Recensione: Girolamo Ferlito
Titolo originale: Zeder
Lingua originale: Italiano
Anno: 1983
Durata: 98 minuti
Regia: Pupi Avati
Soggetto: Pupi Avati
Protagonisti principali: Gabriele Lavia (Stefano), Anne Canovas (Alessandra), Paola Tanziani (Gabriela Goodman), Cesare Barbetti (Dottor Meyer), Bob Tonelli (Mister Big)
Colonna sonora [audio:zeder.mp3]

voto_mymovies 7 voto_delirium 7,5 voto_imdb 6

Zeder è un film di Pupi Avati (pseudonimo di Giuseppe Avati), datato 1983. Il regista bolognese affascinato dall’arte e dalla musica “colta”, si era distinto negli anni sessanta come scenografo di alcune pellicole d’autore. Esordisce nel mondo del Cinema, nei primi anni settanta con film che hanno come sfondo il maligno ma con una tendenza verso il grottesco che colloca i primi film di Avanti sulla sottile linea di confine tra l’horror e il comico. E’ nel 1976 che Avati si consacra definitivamente come regista dell’orrore italiano anni settanta, insieme ai volti noti, con la pellicola “La casa dalle finestre che ridono”, che riscuote un ottimo successo di botteghino e un discreto apprezzamento della critica. Successivamente Avati ricalca i temi del grottesco con  “Tutti defunti… tranne i morti”, 1977. Zeder si colloca dopo un periodo in cui Avati aveva realizzato alcuni sceneggiati per la R.A.I. e altri film per la TV. Con questo film il regista sfora nell’horror puro mostrando una cattiveria e un gusto verso il gotico parecchio apprezzabili. Autore della storia di “Macabro” (1980), il film che lanciò Lamberto Bava (figlio del grande Mario Bava), con Zeder Avati ci proietta in una storia fatta di incubi e resurrezioni che ispireranno molti film successivi e scrittori di successo nel campo dell’orrido.

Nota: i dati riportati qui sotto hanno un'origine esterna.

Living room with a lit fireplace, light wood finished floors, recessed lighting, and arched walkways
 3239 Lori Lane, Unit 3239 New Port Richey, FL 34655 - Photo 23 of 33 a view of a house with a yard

Una storia che vede come protagonista un giovane scrittore di Bologna Stefano, impersonato da Gabriele Lavia, che già negli anni precedenti, avevamo apprezzato nel campo del Teatro (tutt’oggi il suo “cavallo di battaglia”) e in altri film horror e thriller, tra cui “Profondo rosso” (1975), celeberrimo lavoro di Dario Argento, dove impersonò Carlo un giovane musicista alcolizzato e strafatto di droghe, dall’infanzia burrascosa. Lo sfondo della storia narra di ricerche avvenute alla fine dell’ottocento e portate avanti dal Professor Meyer, finalizzate nella scoperta di una zona nota come “Terreno K”, dove pare i defunti riprendano vita (tema alquanto caro al regista). Un misto tra uno Zombie-Movie e uno splatter che non disdegna di regalare allo spettatore attimi di suspence e terrore puro. Il filo conduttore è la curiosità di Stefano che trasferitosi in un paesino tra Bologna e Rimini, cerca tranquillità per realizzare il romanzo di una vita, grazie ad una macchina da scrivere appena regalatele dalla fidanzata. Il caso vuole che sul nastro siano incise alcuni scritti di Meyer che fanno capo alle ricerche sul Terreno K.  Stefano vedendo in questo la possibilità di lanciarsi definitivamente come scrittore di grido comincia ad indagare e scopre che già qualcuno si era interessato all’argomento; Paolo Zeder (da qui il nome del film), un prete che aveva perso i voti per essersi dedicato alla magia nera e alle possibili implicazioni con il terreno in questione.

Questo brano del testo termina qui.